深呼吸をしながら天井を見上げると、掘り抜かれた天井の端には無数のパイプのような穴が開いていた。
「では……これにしようか」
カタログで隠した頬を大きく釣り上げると、軽い風切り音と共にテミスの手が翻った。
「はっ……?」
「爆ぜろ」
同時にテミスは空いた左手を正面の機材に翳すと、魔法陣を構築する。こういった強力な魔法は魔族の特権らしいが、使えて損をする事は無いだろう。
「なに……ぶ? ぎゃあああああああああああああああ!!!」
魔法が発動し、機材が激しい爆炎に包まれる音と、支配人の苦悶の絶叫が同時に響き渡った。
「なに……ナに……なっ……にィしやがんだぁっッ!?」
胴を切り裂かれた支配人が醜い叫び声を上げ続けながら、テミスへ掴みかかろうと突進する。しかしその肉体のせいか、はたまた傷のせいか、緩慢な動きで動いたその腕がテミスを捕らえる事は無く、支配人はそのまま床へと倒れ伏した。
「おや? 両断したつもりだったが……存外頑丈だな。っと、質問には答えなければならんな。何をしている……だったか?」
テミスは冷たく支配人を見下してそう告げると、手振りでマグヌスに行動を指示しながら頬を釣り上げて言い放った。
「貴様の言う、私の好みの事をしているだけだが?」
「っ――殺せっ! この汚らわしい人間を殺せっ!!」
支配人の叫び声と共に、再び部屋の中で爆炎が立ち上る。マグヌスが指示に従って狼煙を上げているのだろう。おそらく、そろそろ通気口を通った煙を見た十三軍団が戦闘を開始したはずだ。
「クク……弱い者虐めばかりでなまった連中に我らが後れを取るとでも? まあ……一応、なるべく殺さないようには命じてあるが……それでも、貴様を助ける気概のある奴がいるとは思えんがな」
「グッ……クッ……」
血走った目で左右を見回す支配人の目には、テミスの言葉通り出入り口へと一目散に駆けだす兵士たちの姿がうつる。
「ば――馬鹿がッ! 何のために貴様らが居ると思っている! 私の盾にな――」
傷口を抑えながら叫んだ支配人の目の前に、風切り音と共に黒い切っ先が付き付けられた。支配人が目を上げると、そこには悪魔のように満面の笑みを浮かべたテミスの顔があった。

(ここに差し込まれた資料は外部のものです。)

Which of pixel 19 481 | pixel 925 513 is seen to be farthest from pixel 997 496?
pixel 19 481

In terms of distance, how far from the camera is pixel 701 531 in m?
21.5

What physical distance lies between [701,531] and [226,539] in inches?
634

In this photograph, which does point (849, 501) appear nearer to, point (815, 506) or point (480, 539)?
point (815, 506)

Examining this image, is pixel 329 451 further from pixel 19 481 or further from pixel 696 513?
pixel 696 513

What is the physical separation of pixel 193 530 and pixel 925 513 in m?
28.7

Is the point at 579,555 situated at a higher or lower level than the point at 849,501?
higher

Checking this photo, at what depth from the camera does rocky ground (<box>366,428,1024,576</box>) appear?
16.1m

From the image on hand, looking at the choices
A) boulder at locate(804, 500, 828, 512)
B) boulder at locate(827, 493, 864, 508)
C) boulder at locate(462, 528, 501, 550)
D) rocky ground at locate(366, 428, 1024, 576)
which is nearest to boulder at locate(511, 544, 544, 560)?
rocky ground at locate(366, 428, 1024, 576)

「残念ながら、ここには鞭も焼き鏝も無いのでな。私の剣で我慢して貰おうか。で……? 右腕と左足、次はどっちがいい?」
「ま――待て、自分が何をしているのか……ッ――」
眼前に付きけられた剣がゆっくりと振り上げられ、支配人の顔が恐怖に染まった。それでも砕けた腰をずりずりと引き摺って、出口へと向かっているのは生存意欲の表れなのだろうか。
――ドンッと。突如、出口へ向かってテミスから逃れようと這いずっていた支配人の背中が、何かに当たって塞き止められた。
「おい貴様――早くこの反逆者をッ――」
「テミス様、遅いです。って……邪魔!」
背中に走る衝撃と共に転がる支配人の視界が捉えたのは、不機嫌そうな顔でテミスへと駆け寄る見覚えの無い幼女の姿だった。